Le système québécois de compagnonnage au sein de l’industrie de la construction est basé sur la relation professionnelle privilégiée entre l’apprenti et le compagnon. Cette relation de confiance permet aux apprentis de cumuler des heures précieuses d’expérience encadrée en chantier, qui en s’ajoutant aux heures de formation, sont compilées dans son carnet d’apprentissage. Au bout de son apprentissage, l’apprenti ayant réussi l’examen de qualification devient à son tour, un compagnon pouvant soutenir un nouvel apprenti.
L’importance des compagnons dans l’industrie de la construction
Être compagnon permet au travailleur d’être valorisé dans un rôle de mentor, de contribuer activement au bon déroulement des chantiers et d’être reconnu par ses pairs.
Quant à l’apprenti, le fait qu’il soit jumelé à un compagnon de même métier lui permet de confirmer les connaissances apprises, de perfectionner des techniques et de découvrir de nouveaux aspects de la profession. Il est ainsi question d’une supervision dite immédiate, qui s’apparente beaucoup plus au mentorat qu’à une surveillance étroite.
Des mesures qui valorisent le mentorat et la formation
Dans le contexte actuel de la rareté de la main-d’œuvre, rappelons que huit nouvelles mesures règlementaires sont entrées en vigueur en avril 2021.
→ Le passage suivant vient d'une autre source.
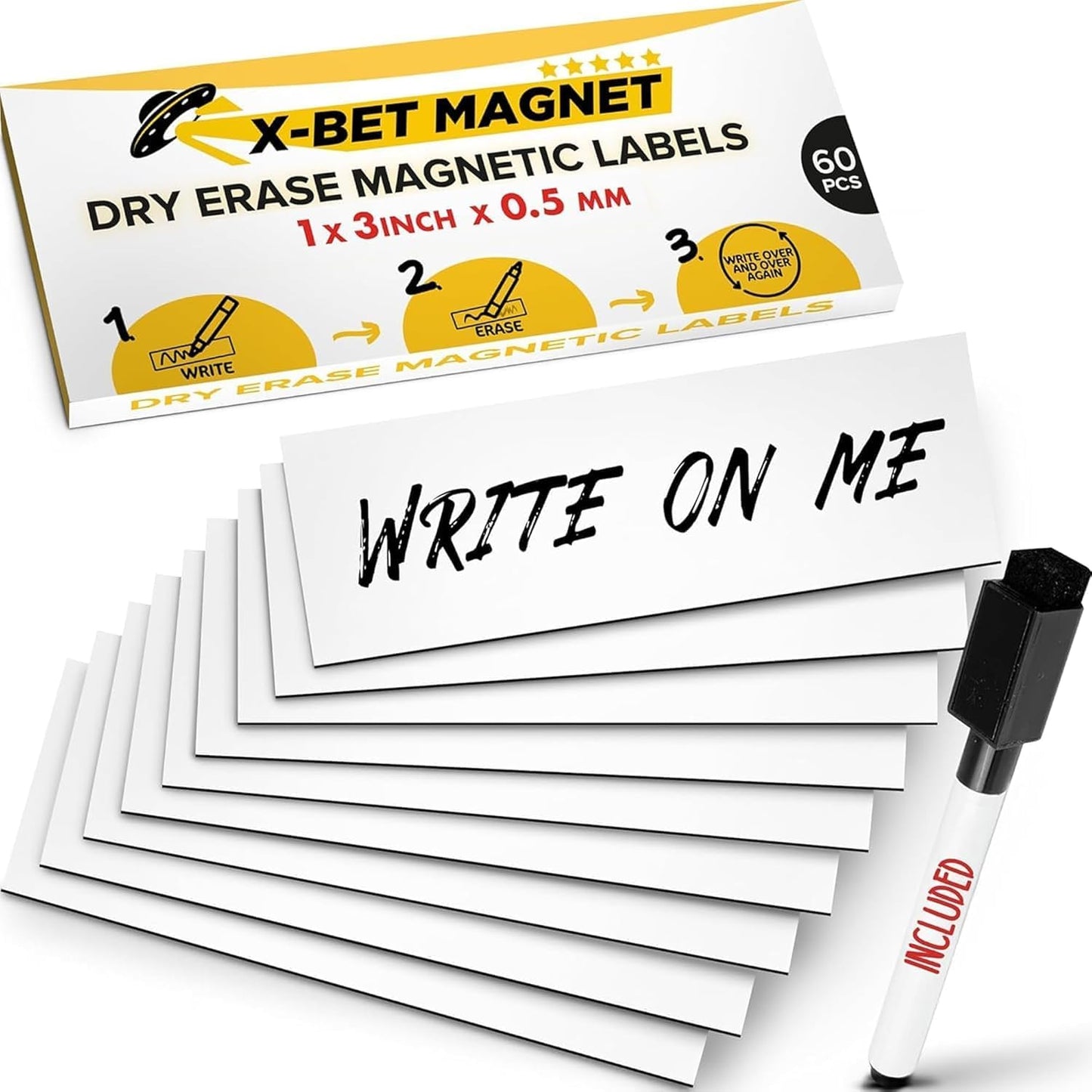 Dry Erase Magnetic Labels - Reusable Sticky Notes - Notepads for Refrigerator - Dry Erase Magnet Sheets - Blank Magnet Stickers to Write On - Magnets for Whiteboard Classroom Fridge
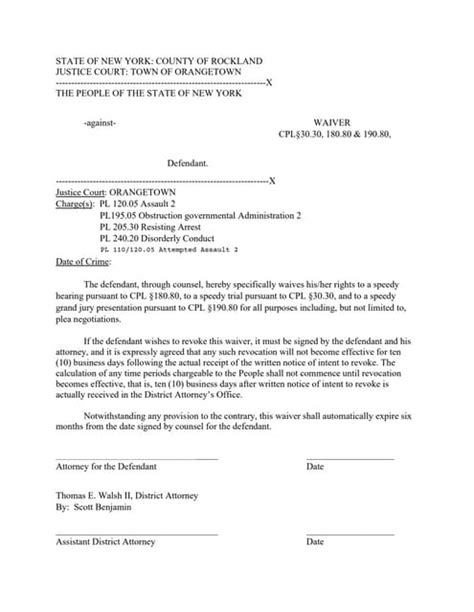 New York State Speedy Trial Waiver for Criminal Defendants.pdf | Free Download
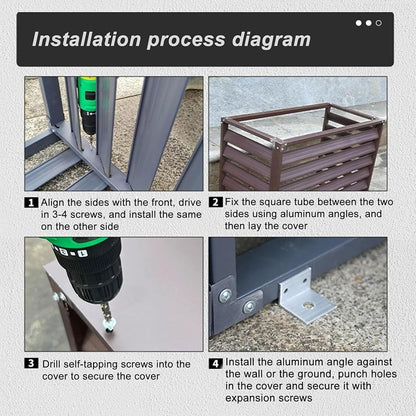 GENERIC Housse De Protection En Aluminium Pour Climatiseur à 3 Panneaux, Protection De L'unité De Climatisation Extérieure, Réduction Du Bruit, Résistant Aux Intempéries, 110 X 80 X 60 Cm, Marron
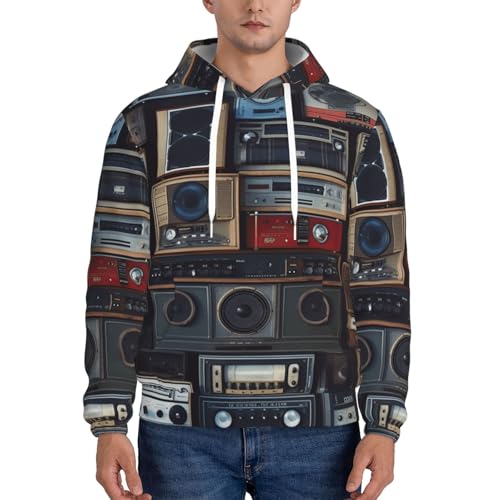 Men's Fleece Pullover Hoodie Long Sleeve Hooded Vintage Wall of Radio Boombox Sweatshirt Casual Shirts With Pockets2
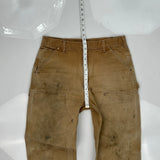 Made In USA Carhartt Double Knee Carpenter Pants - 34W 32L Brown Cotton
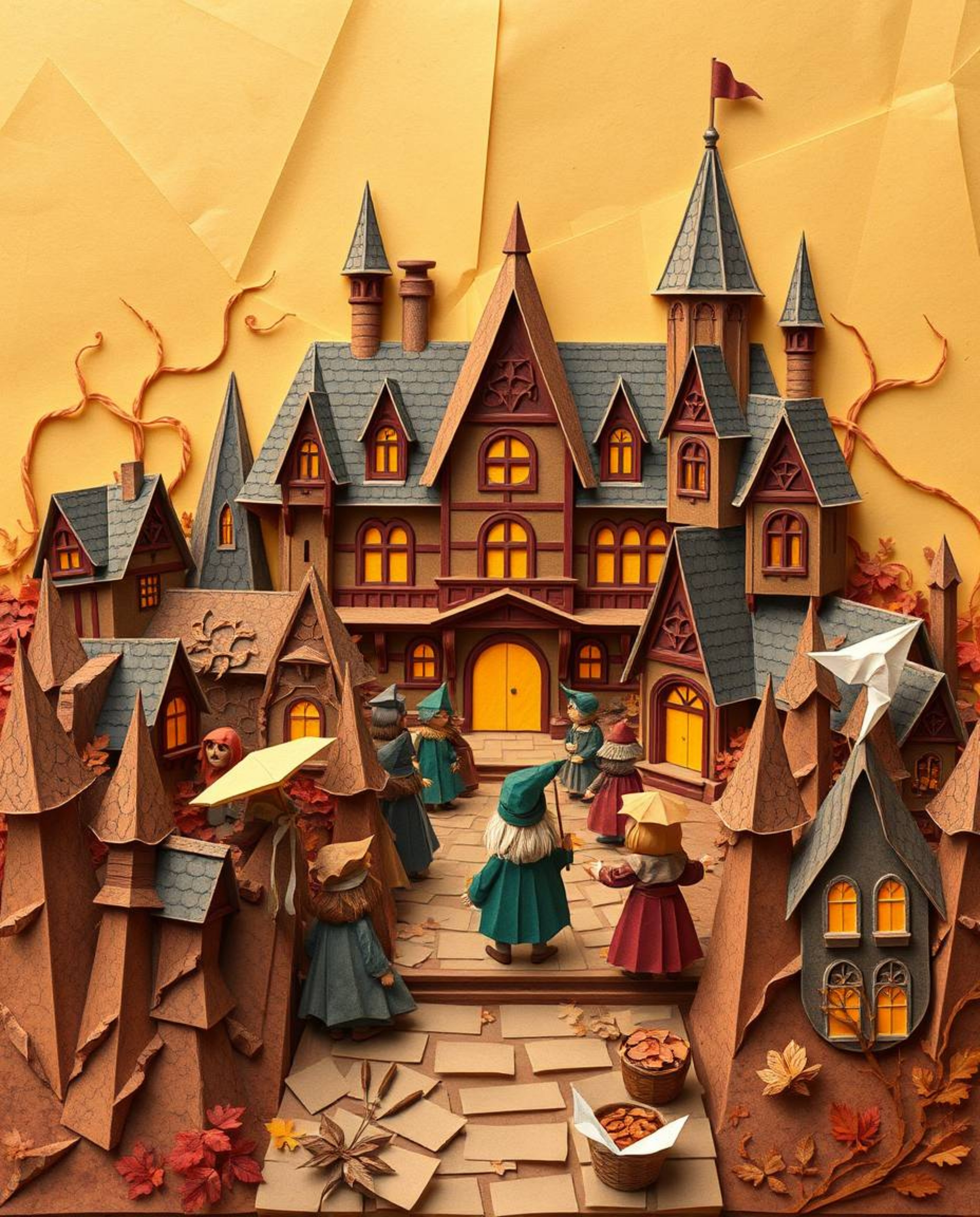This stunning artwork features an intricate origami-style illustration bathed in warm autumn colors.  A magical school filled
Certaines d’entre elles valorisent spécifiquement la formation et la diplomation, comme la délivrance d’un certificat de compétence apprenti étudiant, d’une durée de six mois, aux personnes inscrites dans un programme d’études reconnu pour les métiers de l’industrie de la construction, excluant toutefois le métier de grutier. Les programmes d’études professionnelles permettent aux étudiants de développer des compétences de base dans leur métier. L’apprentissage du métier se poursuit par la suite en chantier, sous la supervision d’un compagnon. La nouvelle mesure donne l’occasion aux étudiants de travailler sur les chantiers pendant leurs études, sous la supervision de compagnons, ce qui enrichit dès le départ leur parcours par l’expérience pratique, favorise une meilleure intégration et valide leur choix de carrière. À son tour, le compagnon tire avantage de cette relation en se tenant entre autres à jour avec les approches enseignées aux étudiants et l’utilisation des nouvelles technologies.
Avec les récentes mesures, mais aussi avec l’embauche de nombreux travailleurs par bassin de main-d’œuvre sur les chantiers, le compagnonnage, par ses fonctions de transmission des savoirs, de soutien aux collègues moins expérimentés et de maintien de la qualité des travaux, apparaît encore plus essentiel et demeure véritablement un pilier de l’industrie.
1 François Icher, La France des compagnons, Paris, Éditions La Martinière, 1994, 200 pages.
2 Louis Delagrave, Histoire des relations du travail dans la construction au Québec, Les Presses de l’Université Laval, 2009, p. 196 et 204-205.